В то же время в концовке «Пира» сказывается характерная особенность многих пушкинских финалов: при внешней фабульной словно бы незавершенности, их исключительная внутренняя весомость, глубокая содержательность, перспективность. Мы не знаем, что дальше будет с Вальсингамом, но вместе с тем для нас ясно: мы расстаемся с ним в минуты переживаемого им глубочайшего душевного кризиса, из числа тех, что переворачивают и заново перестраивают всю жизнь человека. Подобный же характер имеет финал и другой маленькой трагедии Пушкина — «Моцарт и Сальери», завершающейся, как мы вспомним, безответным вопросом, заданным себе Сальери, о «совместности» гения и злодейства. Причем сама эта безответность полнее и ярче всего раскрывает перед нами всю безысходность страданий убийцы.
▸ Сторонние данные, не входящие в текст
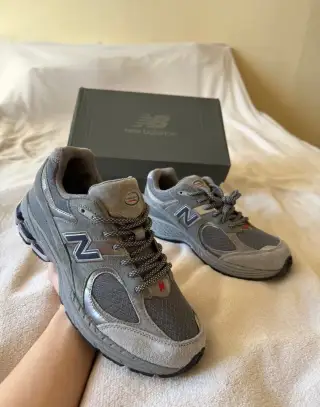 New Balance 2002R Grey Indigo - Vel. 42 (Nové)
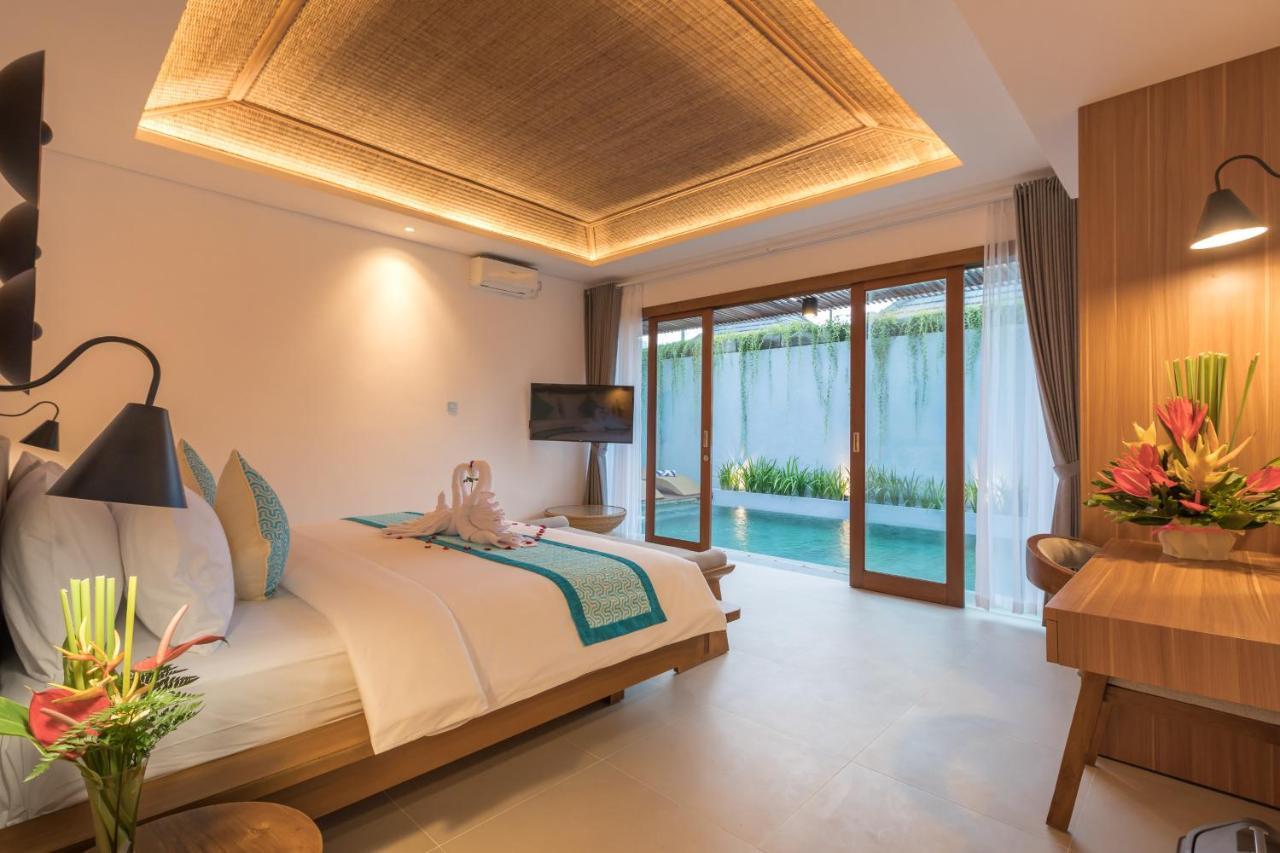 Fenosa Seminyak Villas By Nagisa Bali Экстерьер фото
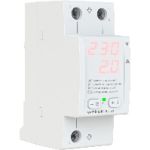 Вольтамперметр Welrok UI-1 red 4660251140366 (артикул 30651818) – фото 1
Основной пафос «Пира» — моральная победа, торжество высокого человеческого духа над смертью, осуществляемое на путях вечно женственного — самоотверженной, самозабвенной любви (песня Мери) — и вечно мужественного — бесстрашного вызова смерти («гимн в честь чумы»). «Гимн» вложен в уста Вальсингама, представляя собой своего рода монолог, ярко раскрывающий его душевное состояние перед лицом того, что «грозит гибелью». Но вместе с тем он органически входит в русскую поэзию, перекликаясь с некоторыми стихами на тему о смерти в лирике и самого Пушкина и поэтов, ему предшествовавших. В частности, несомненна перекличка «гимна» с самым значительным произведением этого рода предпушкинской поры — особенно ценимой самим Пушкиным одой Державина «На смерть князя Мещерского». С одинаковой силой в обоих стихотворениях передано ощущение человека, находящегося «бездны на краю» (это выражение прямо вошло в «гимн в честь чумы» из оды Державина) — лицом к лицу с неотвратимо угрожающей смертью. Но на неизбежность смерти Державин в этом стихотворении, как и в ряде других своих стихов, отвечает — в духе эпикурейского жизнеощущения русского вельможества XVIII века — призывом устроить жизнь «себе к покою» — наслаждаться «пролетным мгновением», «благоуханьем роз». В отличие от почти идиллической концовки оды Державина, отношение к смерти, которое с такой силой выражено в «гимне в честь чумы» носит совсем иной, глубоко и подлинно трагический характер. Подобно Дон Гуану, подающему руку статуе командора, Вальсингам не робеет перед смертью, не прячется от нее, а вступает с ней в единоборство, как с враждебной человеку стихией, и, хотя не властен одолеть ее, не сдается ей до самого конца, тем самым испытывая ощущение величайшего торжества, одерживая внутреннюю над ней победу.
Маленькие трагедии являются одним из самых великих созданий пушкинского гения. Имели они и очень большое значение для развития всей русской литературы. Однако значение это — не только при их появлении, но и много спустя — было и недопонято и недооценено. Даже Белинский, который, по его собственным словам, был изумлен их «художественным совершенством», их «творческою глубиною», который не обинуясь относил их к числу «лучших творений» Пушкина, именуя каждое из них «чудом» искусства (VII, 104, 347, 560), дав блистательный их анализ, вместе с тем считал, что поэт уходил в них от живых и насущных вопросов своей современности в отрешенную от текущего дня область «искусства как искусства». Согласиться с этим никак нельзя.